Checkliste für ein rechtssicheres Testament

  • Vollständig handschriftlich verfasst, inklusive aller Anhänge.
  • Eindeutige Überschrift, die das Dokument als letzten Willen erkennbar macht.
  • Mit Vor- und Nachname unterschrieben, inklusive Orts- und Datumsangabe.
  • Erben eindeutig benannt, inklusive möglicher Ersatzerben.
  • Pflichtteilsansprüche naher Angehöriger berücksichtigt.
  • Beim Berliner Testament: Pflichtteilsstrafklausel und ggf. Wiederverheiratungsklausel enthalten.
  • Sicher hinterlegt, zum Beispiel beim Amtsgericht.

Testament mit oder ohne Notar erstellen

Ein eigenhändiges Testament ist ohne Notar gültig, solange die Formvorschriften eingehalten werden. Bei komplexeren Vermögensverhältnissen, größerem Immobilienbesitz oder speziellen Klauseln wie beim Berliner Testament kann ein notarielles Testament zusätzliche Rechtssicherheit bieten, da eine Notarin oder ein Notar die rechtliche Wirksamkeit vorab prüft.

Tipp: Auch ein notarielles Testament ersetzt keine regelmäßige Überprüfung: Passen Sie es bei veränderten Lebensumständen zeitnah an.
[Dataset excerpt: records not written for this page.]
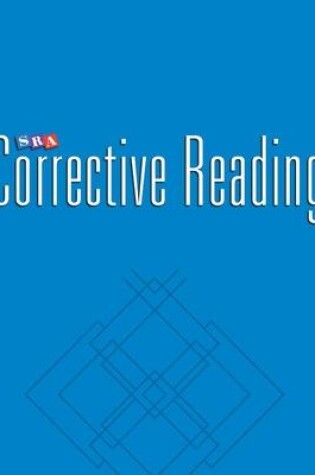 Cover of Corrective Reading Comprehension Level A, Teacher Materials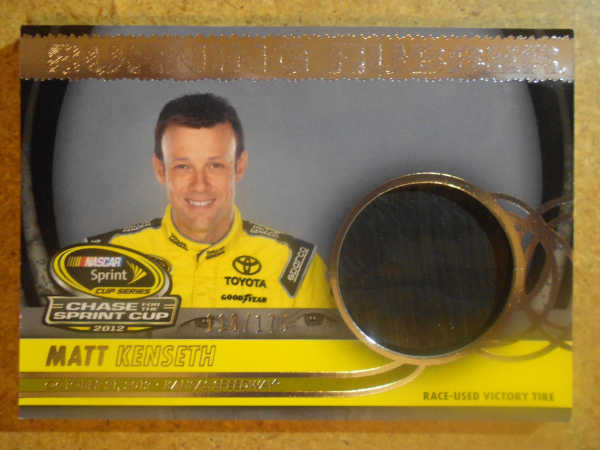 2013 Total Memorabilia Burning Rubber Chase Edition Silver #BRCMK2 Matt Kenseth/Kansas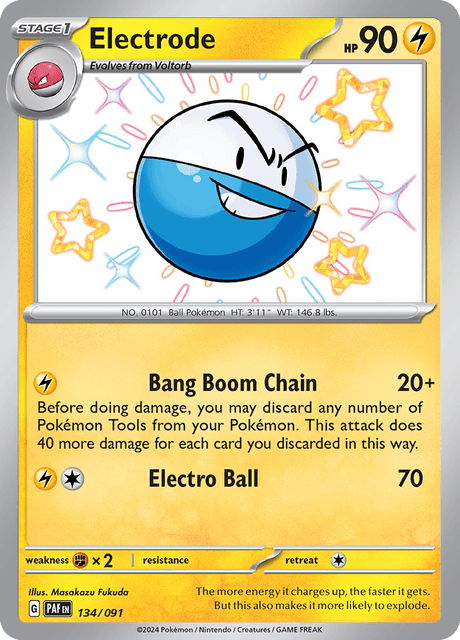 Electrode -134/91 - Shiny Rare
Fazit: So bleibt Ihr Testament rechtssicher

Mit dem Testament regeln Sie Ihren Nachlass und legen fest, wer im Todesfall Ihr Vermögen erben soll. Ist ein Testament nicht auffindbar, unklar formuliert oder fehlt die Unterschrift, ist die Nachlassregelung ungültig – in diesem Fall greift meist die gesetzliche Erbfolge , auch wenn dies nicht Ihrem letzten Willen entspricht.
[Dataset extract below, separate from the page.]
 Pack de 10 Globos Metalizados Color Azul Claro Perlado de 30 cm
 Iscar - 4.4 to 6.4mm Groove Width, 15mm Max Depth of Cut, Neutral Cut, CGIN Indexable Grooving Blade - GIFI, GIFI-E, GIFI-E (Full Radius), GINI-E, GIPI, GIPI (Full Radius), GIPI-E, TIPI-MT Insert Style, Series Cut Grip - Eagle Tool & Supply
Wer als Ehepaar ein Berliner Testament errichtet, sollte zusätzlich auf Klauseln wie die Pflichtteilsstrafklausel achten, um spätere Streitigkeiten zu vermeiden. Kontrollieren Sie Ihr Testament regelmäßig auf Aktualität und lassen Sie es im Zweifel rechtlich prüfen.

Häufige Fragen zu Fehlern im Testament

Ein Testament wird unter anderem durch eine fehlende Handschrift, eine fehlende Unterschrift, unklare Formulierungen oder fehlende Testierfähigkeit des Erblassers ungültig. Auch die Missachtung von Pflichtteilsansprüchen kann Teile des Testaments angreifbar machen.
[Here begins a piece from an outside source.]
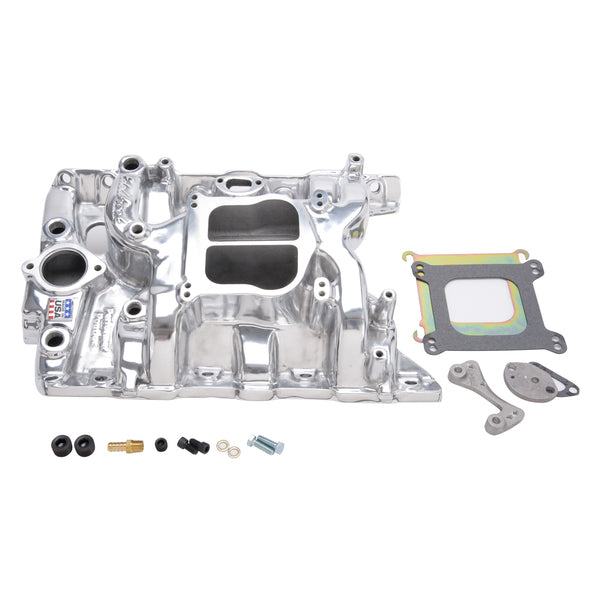 Edelbrock Performer Intake Manifold for 1965-79 Pontiac 326-455 Non-EGR, Polished Finish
Ja, ein eigenhändiges Testament muss vollständig handschriftlich verfasst und unterschrieben sein. Alternativ ist ein notarielles Testament möglich, das vor einer Notarin oder einem Notar errichtet wird.

Eine Pflichtteilsstrafklausel wird vor allem beim Berliner Testament genutzt. Sie sorgt dafür, dass ein Kind, das nach dem Tod des ersten Elternteils vorzeitig seinen Pflichtteil verlangt, auch beim Tod des zweiten Elternteils nur den Pflichtteil und nicht den vollen Erbteil erhält.

Ein eigenhändiges Testament ohne Notar ist grundsätzlich gültig, wenn es den gesetzlichen Formvorschriften entspricht. Bei komplexen Vermögensverhältnissen oder speziellen Klauseln empfiehlt sich dennoch eine notarielle Beratung.